== Information supplied

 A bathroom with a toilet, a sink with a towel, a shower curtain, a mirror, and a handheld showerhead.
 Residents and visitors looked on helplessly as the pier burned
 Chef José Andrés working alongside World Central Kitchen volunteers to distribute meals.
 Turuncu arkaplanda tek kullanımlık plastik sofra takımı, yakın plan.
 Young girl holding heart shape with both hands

====
== Information supplied

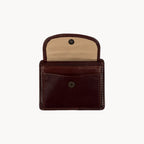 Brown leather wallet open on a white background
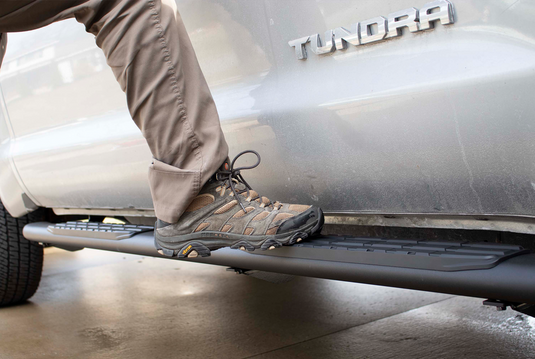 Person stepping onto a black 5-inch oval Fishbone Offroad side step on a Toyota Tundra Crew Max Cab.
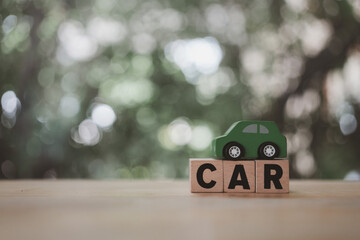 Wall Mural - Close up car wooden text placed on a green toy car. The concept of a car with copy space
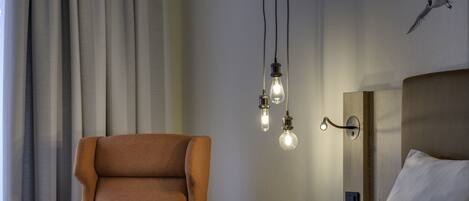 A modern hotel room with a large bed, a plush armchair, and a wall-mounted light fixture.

====
== Information supplied

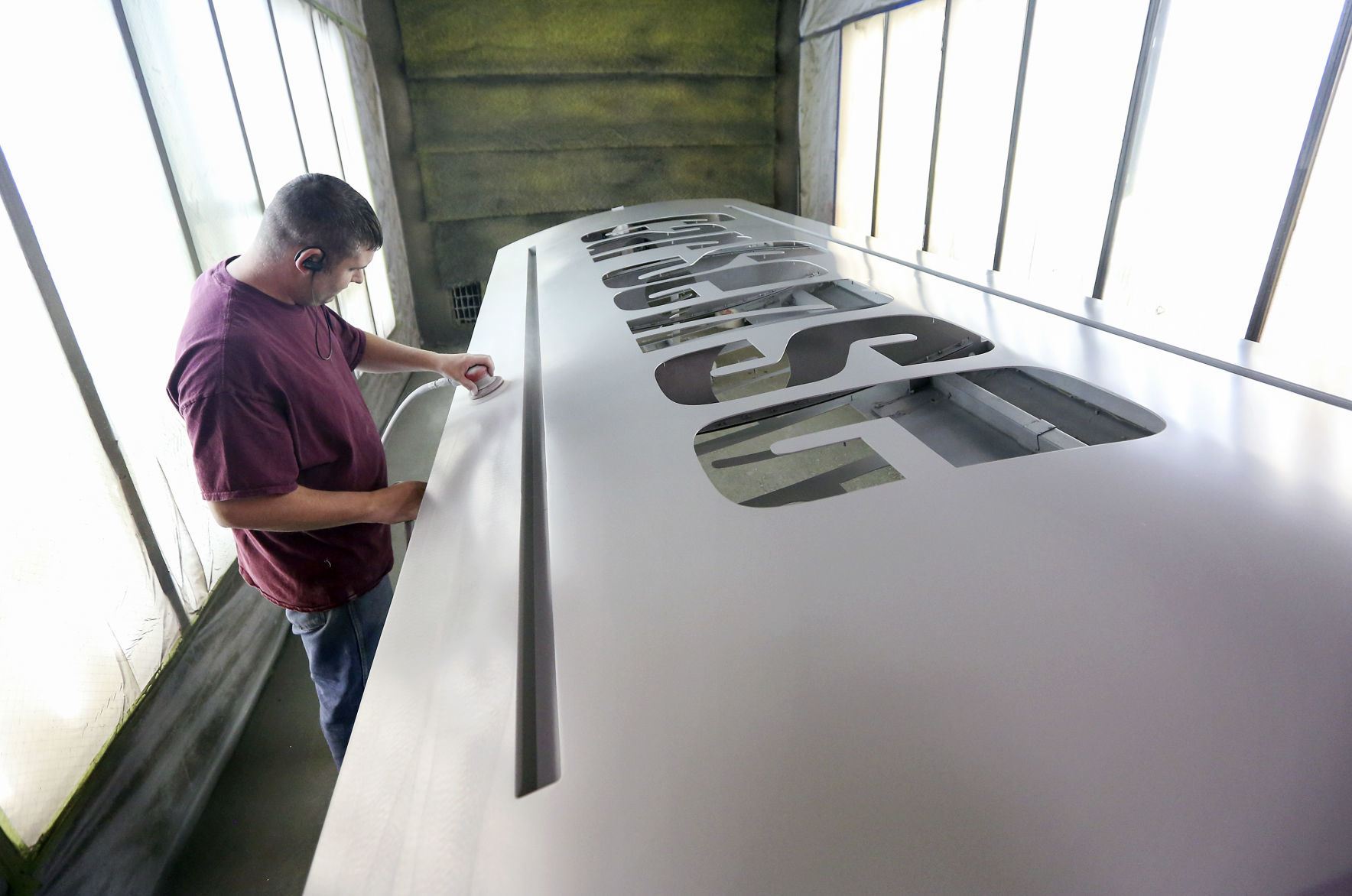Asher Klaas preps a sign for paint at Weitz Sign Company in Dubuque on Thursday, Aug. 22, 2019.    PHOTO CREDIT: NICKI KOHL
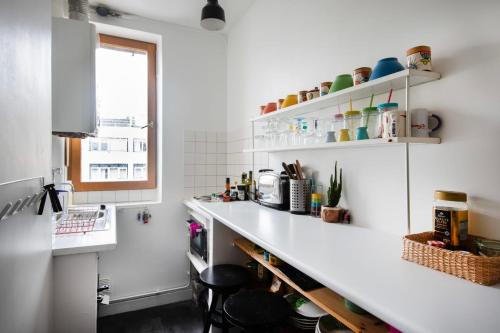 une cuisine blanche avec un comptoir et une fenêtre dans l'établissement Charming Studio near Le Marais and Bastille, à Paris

====

Give back exactly the lines above from the one with "Wall Mural - Close" through the one with "A modern hotel", both included. Pictures don't belong in the copy.

-- Answer space --
 Wall Mural - Close up car wooden text placed on a green toy car. The concept of a car with copy space
 A modern hotel room with a large bed, a plush armchair, and a wall-mounted light fixture.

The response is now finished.